Faking dynamic branching - technical discussion

Mintmaster

Veteran
I want to start a purely technical thread about the method in Humus' latest demo. No flames or comments on the merit of ATI/NVidia's decisions in their architectures, no financial bickering, no "I hate companyX", etc.

Couple of discussion starting points:

1. Stencil shadowing
- I was thinking how the final stencil buffer (with all shadows flagged by a 1) could be modified to also flag pixels where N dot L < 0, using bump maps. It might not be worth the extra pass, though, because the original volumes would already knock off most of the dark regions.
- For attenuated lights, however, this could work very well. Use the same stencil buffer, and just increment the stencil of all pixels outside the lights range. Might be good for Doom3.

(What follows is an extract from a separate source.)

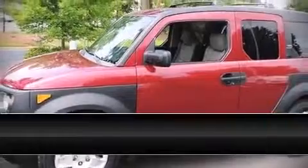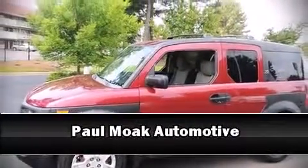Our knowledgeable sales staff is available to answer any questions that you might have. We are here to help you.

2. NV40 - which method is better?
- pocketmoon66, could you summarize all your findings?
- so, what is the actual penalty of dynamic branching on NV40?
- why did NV40 have that restriction on early stencil out?
- how much do you think a future "hierarchical stencil buffer" would improve performance? I'm thinking ATI might implement such a feature eventually.
- Anyone think we'll have zero-penalty dynamic branching in the next gen?

3. Region bounding
- I was thinking about neighbourhood transfer for spherical harmonic lighting. That would let you have one object cast shadows and reflect light onto another. 3D textures could hold the SH coefficients for a small volume around an object
- You could flag all the pixels around the object causing the radiance transfer, and subtract/add light to neighbouring objects in subsequent passes. The fillrate cost should be a lot lower this way.

4. Nalu wrapper, anyone?
- This method should handle the scales and skin border just fine
- Anyone know when we'll have access to it?

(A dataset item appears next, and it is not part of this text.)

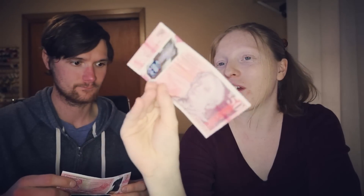It's huge, it's weighty, it feels like it's worth something. It just looks like something out of the future. It's so hard to read. I just love money.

So, what do you guys think?
 
4. Nalu wrapper, anyone?
- This method should handle the scales and skin border just fine
- Anyone know when we'll have access to it?
Do you mean access to the demo? I can give a copy to any interested coders.
 
Mintmaster said:
- I was thinking how the final stencil buffer (with all shadows flagged by a 1) could be modified to also flag pixels where N dot L < 0, using bump maps. It might not be worth the extra pass, though, because the original volumes would already knock off most of the dark regions.

This is a little more doubtful if there will be any gain. The cost may be higher than the benefits. What is beneficial though, that wasn't included in this demo, is to cull pixels that backface the light too. This can be packed into the same dot-product operation. It'll just change the dot3 to a dot4, so it's for free. I tried this at work today, and it gave another ~10% performance increase.

Mintmaster said:
- how much do you think a future "hierarchical stencil buffer" would improve performance? I'm thinking ATI might implement such a feature eventually.

Since the cost is on the fully lit and shaded pixels, rather than the pixels that get culled, I don't think it will improve performance dramatically. Probably < 10%. Especially if other things like scissor rectangles and clip planes are used together with this technique.
 
I hope this doesn't break the imposed flames/fans rules by me commenting just a tad off-tech, but are you serious when you imply that the Nalu demo could be 'converted' to run on R3xx & nV3x cards?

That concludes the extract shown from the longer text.